The MC is planning to make a massive increase in property taxes, water and sanitation charges. A committee has finalised proposals/new rates to be levied from the new financial year. There is no local government in Islamabad after February 2021 because of the negligence of concerned quarters and the affairs of MCI are being run by an administrator and a chief officer.

But the MCI has proposed the massive increase in property tax and water, conservancy charges and solid waste management fee “to reduce the gap between revenue receipt and operation and maintenance cost of services being provided by it.”

Two-day public hearing begins at Convention Centre for feedback on proposals

According to existing water charges, for 1000 gallon per month the rate is Rs16, which will be increased to Rs48. Occupants of A, B, C category government-run houses will pay Rs240 per month in place of the existing Rs96. The owner of a D category house will pay Rs310 against the existing Rs124. The occupants of H category houses will pay Rs810 against the existing rate of Rs324 while I category house holders will pay Rs940 in place of Rs376.
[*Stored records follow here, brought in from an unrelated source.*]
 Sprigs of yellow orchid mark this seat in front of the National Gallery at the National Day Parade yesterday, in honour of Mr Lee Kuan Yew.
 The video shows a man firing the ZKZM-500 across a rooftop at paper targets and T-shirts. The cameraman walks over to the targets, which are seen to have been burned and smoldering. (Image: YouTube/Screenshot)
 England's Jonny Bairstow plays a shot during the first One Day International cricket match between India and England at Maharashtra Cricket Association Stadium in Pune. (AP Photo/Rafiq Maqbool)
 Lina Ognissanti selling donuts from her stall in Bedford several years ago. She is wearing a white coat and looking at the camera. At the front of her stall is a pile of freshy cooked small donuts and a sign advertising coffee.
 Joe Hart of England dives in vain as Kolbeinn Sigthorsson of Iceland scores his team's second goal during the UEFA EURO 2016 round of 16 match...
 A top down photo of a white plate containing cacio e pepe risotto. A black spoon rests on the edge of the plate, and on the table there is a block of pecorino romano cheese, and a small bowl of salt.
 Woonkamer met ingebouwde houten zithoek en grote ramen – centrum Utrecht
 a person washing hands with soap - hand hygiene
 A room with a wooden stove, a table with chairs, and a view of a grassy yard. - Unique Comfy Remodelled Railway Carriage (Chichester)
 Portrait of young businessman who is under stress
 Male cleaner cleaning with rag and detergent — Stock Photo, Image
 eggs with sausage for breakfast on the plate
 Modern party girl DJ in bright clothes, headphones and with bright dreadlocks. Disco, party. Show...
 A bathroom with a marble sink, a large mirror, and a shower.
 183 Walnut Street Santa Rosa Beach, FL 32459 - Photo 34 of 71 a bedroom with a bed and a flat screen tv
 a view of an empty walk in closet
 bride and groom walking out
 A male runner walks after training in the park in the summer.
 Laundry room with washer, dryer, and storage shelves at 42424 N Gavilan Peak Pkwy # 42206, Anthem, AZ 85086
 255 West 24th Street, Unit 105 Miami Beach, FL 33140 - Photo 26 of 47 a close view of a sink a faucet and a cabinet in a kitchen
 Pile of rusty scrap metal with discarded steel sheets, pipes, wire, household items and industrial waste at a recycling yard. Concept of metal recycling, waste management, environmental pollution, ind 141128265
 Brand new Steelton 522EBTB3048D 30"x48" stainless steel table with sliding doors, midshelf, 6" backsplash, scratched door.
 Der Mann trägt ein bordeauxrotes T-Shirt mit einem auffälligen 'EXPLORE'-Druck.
Meanwhile, the proposed rates stated that owners of private houses up to 250 sq yard will pay Rs480 per month instead of existing Rs192 while those living in 251 sq yard to 499 sq yard houses will pay Rs624 against the existing rate of Rs228 per month and house holder of 500 to 999 sq yard will pay Rs1500 against the existing Rs280. The government buildings will also face around four-time increase in water charges while the owners of commercial buildings will also have to pay more water charges.

The proposals also suggested an increase in charges for new water connection for commercial consumers. For ½ dia connection, the commercial consumer will have to pay Rs20,000 against the existing Rs13500.

The proposals also called for lump-sum amount for property tax for D-series. Instead of getting Rs6 against per square foot covered area, the owners of houses up to 140 sq yard in D series should be charged Rs31,500 lump-sum per annum. It said for E and F series, instead of Rs8 per sq yard covered area, the owners with plot area up to 140 sq yard should be charged Rs40,000. For G, I sectors and for all model villages and park enclaves, the new proposed lump sum rate is Rs30,000 for plot area up to 140 sq yard.

The proposal also stated that house owners in H-13, Ghouri Town all phases, Banigala, Khana Pull, Lehtrar Road and any other area in ICT limit should also be directed to pay property taxes. It proposed Rs23500 for plot area up to 140 sq yard (five marla) and based on plot size the rate should be increased.

Moreover, Rs31800 should be charged from DHA, Bahria Town and Bahria Enclave for plot area up to 140 sq yard (five marla) and Rs23700 against five marla houses from residents of Gulberg Housing Scheme, Naval Anchorage and other housing societies.

The new proposals also stated that there should also be an increase in property taxes on farmhouses. From the existing Rs6 per against covered and shed area, there should be a lump-sum tax of Rs209,000 for farmhouse up to 16 kanals. Owners of other farmhouses who have more than 16 kanals will be charged accordingly.